来源:本站原创 发布时间:2019-10-08 点击数:

  2019年9月29日上午,在京的中国工农红军第四方面军部分后代们隆重举办了“缅怀先辈·欢度国庆”联谊会。为契合本次联谊会主题,缅怀革命先辈,大会特别从当年红军前辈战斗和生活过的地方——川陕革命根据地老区四川省巴中市请来了当地艺术家,演出了描述红军历史的大型红色四川曲艺情景剧《望红台》。

  当日,艺术家们表演了该剧的精彩片段:《革命种子结苞苞》(清音演唱者:施敏)、《送别》和《守望》(表演者:杨娜、夏铭钟)。他们的精湛表演和曲目中的历史再现,深深感动了现场红军后代们,众多观众热泪盈眶,激情澎湃。该剧再次唤醒了与会者对红军前辈们的回忆——中国的钢铁队伍那种敢叫日月换新天的革命气概和革命老区人民对中国革命的奉献和牺牲,令本次联谊会成为了一场真正意义的回顾红军历史、感恩革命老区人民,以及歌颂伟大祖国的盛会。

  《望红台》是四川省曲协和省文联、巴中市委市政府和巴中巴州区委区政府根据这段红军历史联合打造的一台四川曲艺情景剧。该剧描述了当地民众在红军到来之前的苦难,红军到来的甘甜和红军离开后的守望。全剧包括13个四川曲种及原生态民歌舞蹈(四川清音、四川扬琴、四川竹琴、四川金钱板、四川盘子、四川荷叶、谐剧、四川莲花落、四川车灯等曲种的联合演绎),艺术地呈现了红军长征路上的一个苦水台变成甜水台,再变成望红台的历史变化。讴歌了革命老区人民用坚定的信仰和滚烫的心铸就的高台,是今天的老区人民不忘初心、传承红色基因的一台红色精品力作。

  《望红台》由中国评剧院国家一级、文华导演奖获得者安凤英总导,编剧秦渊(巴中市作家协会主席),作曲向胜(巴中市音乐家协会主席)。全剧大多数演员都是红军的后代,他们用真挚的情感和精湛的表演打动了无数的观众。该剧获得了全国多项大奖,其中“守望”一折获得了中国曲艺最高奖牡丹奖。

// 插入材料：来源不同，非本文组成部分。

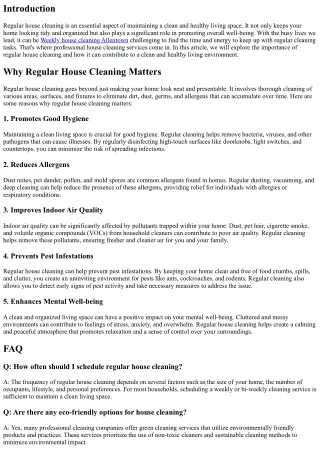 Regular House Cleaning: Maintain a Clean and Healthy Living Space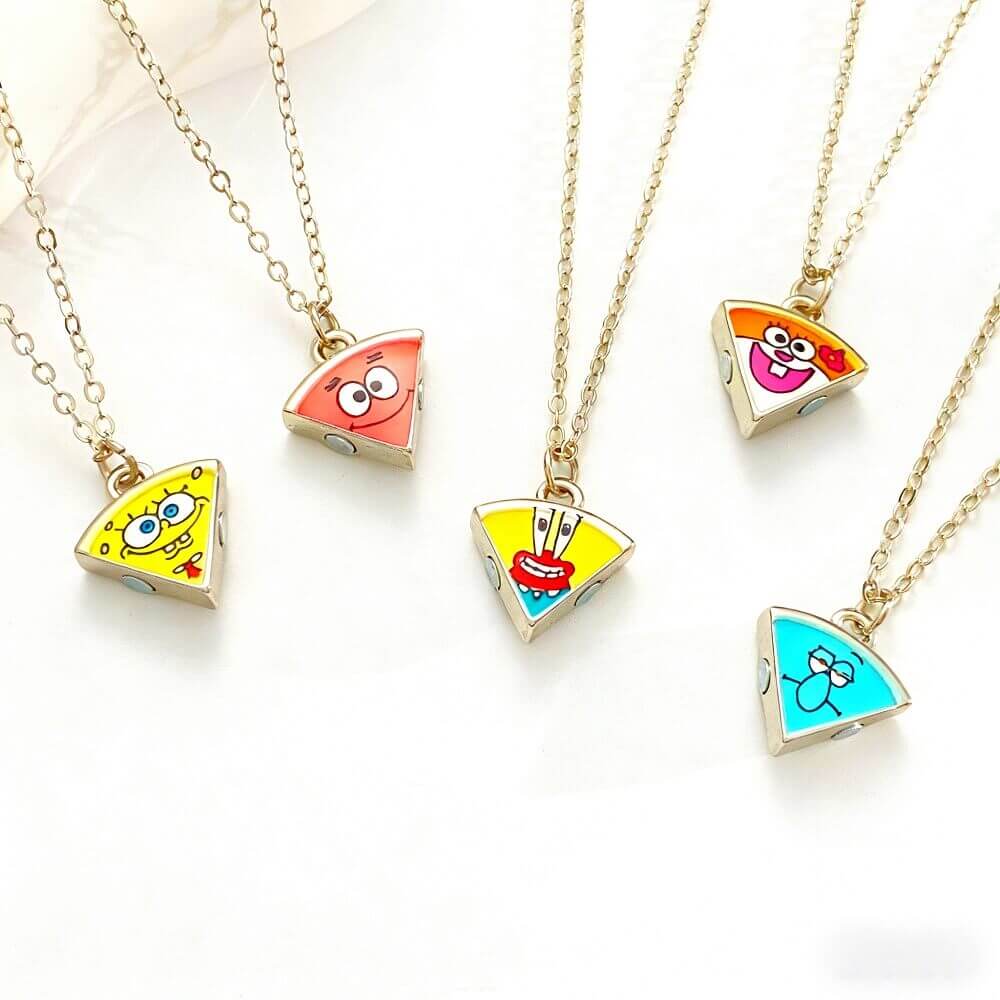 Spongebob Squarepants Puzzle Friendship Necklace Set - 5PCS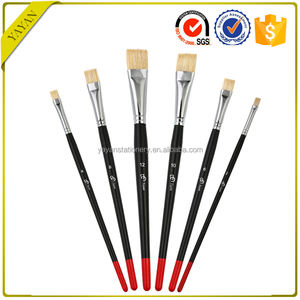 Новое поступление, 6 шт., плоская кисть с натуральной щетиной для масляной краски волос, сделано в Китае - Product Image 2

  时间回溯到2016年 9月29日,在北京钓鱼台国宾馆举行的“纪念陈昌浩同志诞辰110周年座谈会”上,老红军后代杜红发言时曾谈到了观看《望红台》后的感受:

  川陕革命根据地对红四方面军的扩大作出了巨大的贡献,很多红军战士都是来自于这个地区。……《望红台》这部剧以巴中苏区为切入点,艺术地反映出当地民众在红军到来之前的苦难,红军到来的甘甜和红军离开后的守望。“我在路上生,我在路上埋,年年岁岁花儿开,就是我回来”,歌曲用革命浪漫主义反映了那个年代参加革命的艰险之路和革命情怀。剧尾一段高潮迭起的歌词更是戳中了我和身边几位红军后代的泪点,令我们几次热泪盈眶:“土里的你是我扎根的灵魂,地上的我是你生命的延续”。是的,在艰苦斗争的岁月里倒下了多少个革命烈士,而存活的红军将士们永远有着沉甸甸的责任,为了中华民族的崛起,为了实现倒在长征路上千千万万战友们的心愿,我们的父辈真正做到了坚守革命信念、不畏牺牲、英勇奋斗、死而后已!

  那么,整台曲剧《望红台》是讲述了哪些红色故事?对现代有何启迪?艺术塑造的台前幕后有哪些感人故事?请看下面几篇文章的深度讲解——

  2019年8月,四川曲剧《望红台》亮相四川省歌舞剧院,作为第二届四川艺术节作品参加展演,取得圆满成功,获得了观众认可,引发了各方热评。有的从思想性入手,给予充分肯定,认为这是一部思想精深的作品;有的从艺术性入手,站在艺术的本质角度对作品进行了深入分析,认为这是巨大创新;有的从接受美学角度出发,认为这是一部颇具观赏性的佳作。总体来看,大家一致认为这是一部值得一看的好作品,有思想的深度,有艺术的高度,有人性的温度。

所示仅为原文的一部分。